A new report has been published to highlight the ‘devastating impact’ road crashes have on the lives of victims, their families, and the wider community.
Authored by the Global Alliance of NGOs for Road Safety, the report paints a picture of the complex ways that road crashes affect lives, exploring issues such as health, finance, relationships and justice.
The report, which is based on a survey of 5,606 people from 132 countries, concludes that those with lower educational levels, often corresponding to lower income, are the worst affected.
Nearly three quarters (71%) of crash survivors who had not completed formal schooling lost their job or source of income – compared to just 10% of university-educated respondents.
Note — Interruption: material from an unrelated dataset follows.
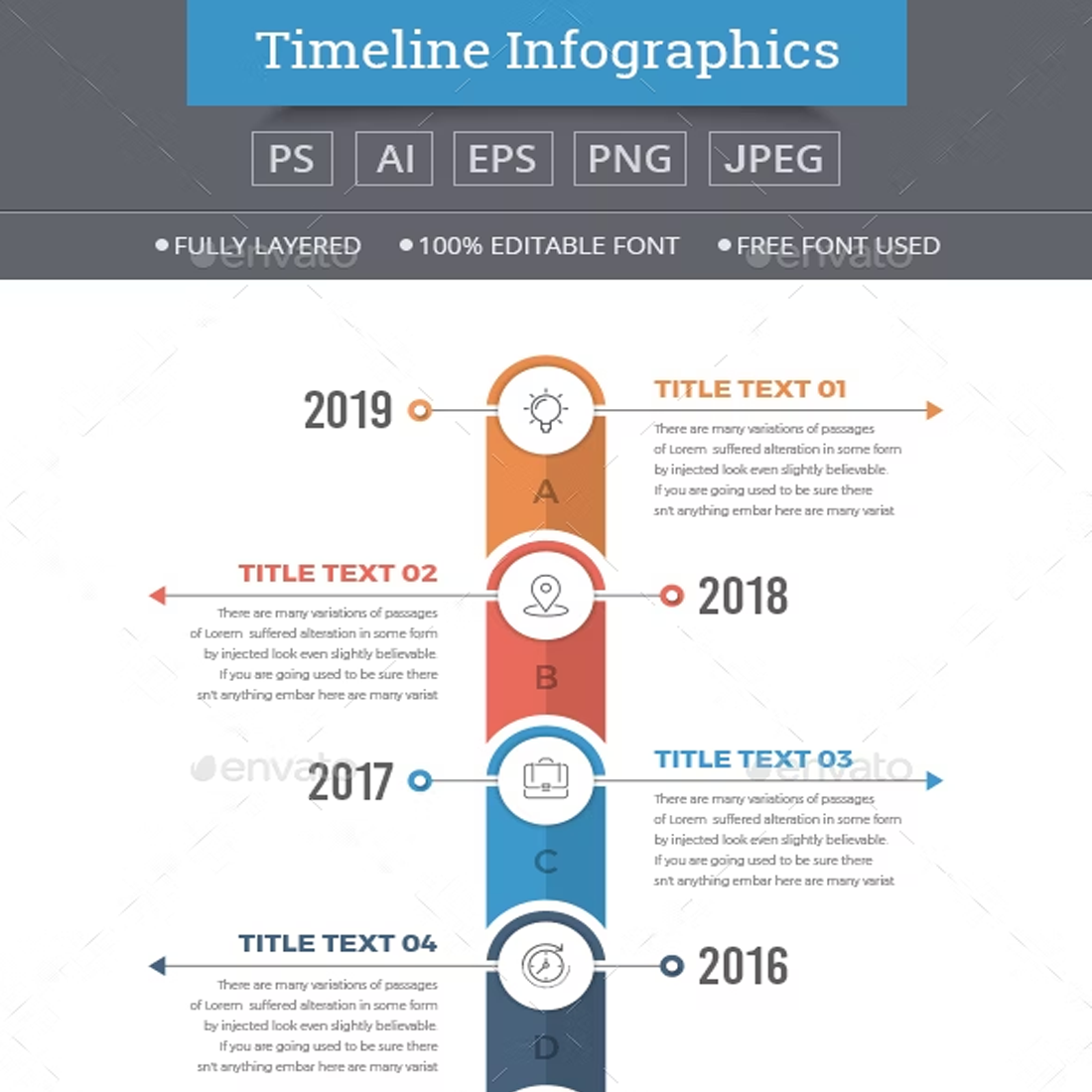 Images preview vertical timeline infographics.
In terms of the emotional effect, 66% of crash survivors said they live in fear that they, or their loved ones, might be involved in a crash again. 43% reported experiencing problems such as depression, nightmares or panic attacks.
In total, 57% of respondents had been involved in a crash themselves, while 87% knew someone who had been killed in a crash.
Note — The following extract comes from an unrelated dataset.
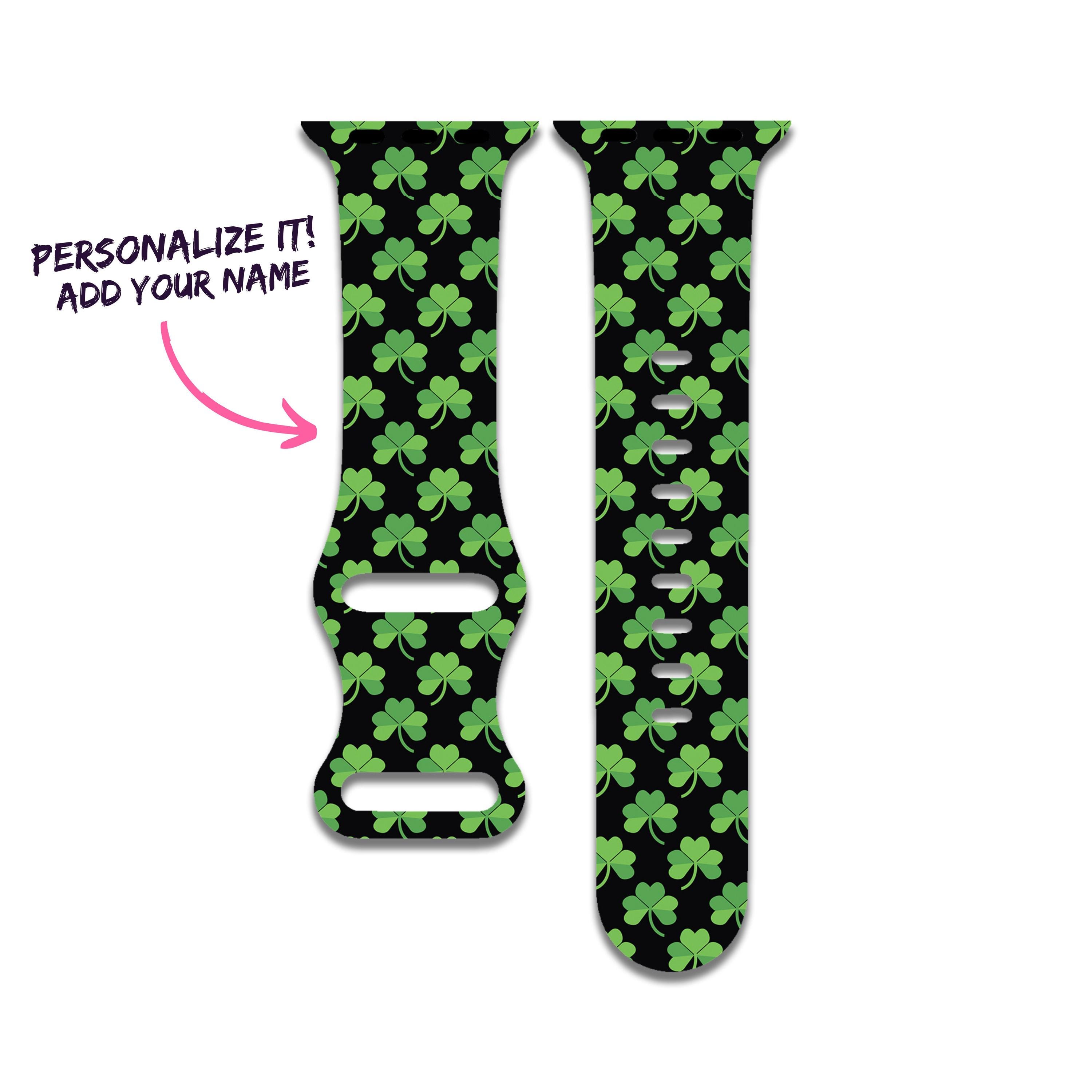 Clover, St Patricks Day Black Band Compatible With Apple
The Global Alliance of NGOs says the report shows that road crashes have a serious negative impact on the daily lives of those affected, both directly and indirectly.
Lotte Brondum, executive director of the Alliance, said: “Road crashes are affecting a lot of people multiple times and in many ways.
“The report brings forth the voices of real people who testify to the disastrous long-lasting consequences that crashes cause: the never-ending pain, grief, loss, and fear of losing family members, the difficulties of living with the impacts of a crash, and the anger that these deaths and injuries could have been prevented.
“This is a human rights issue, and people’s rights are being violated every day as they navigate dangerous roads around the world.
“Our leaders must show that they hear and understand what is happening on the streets in their countries and value their citizens’ lives by taking action now.”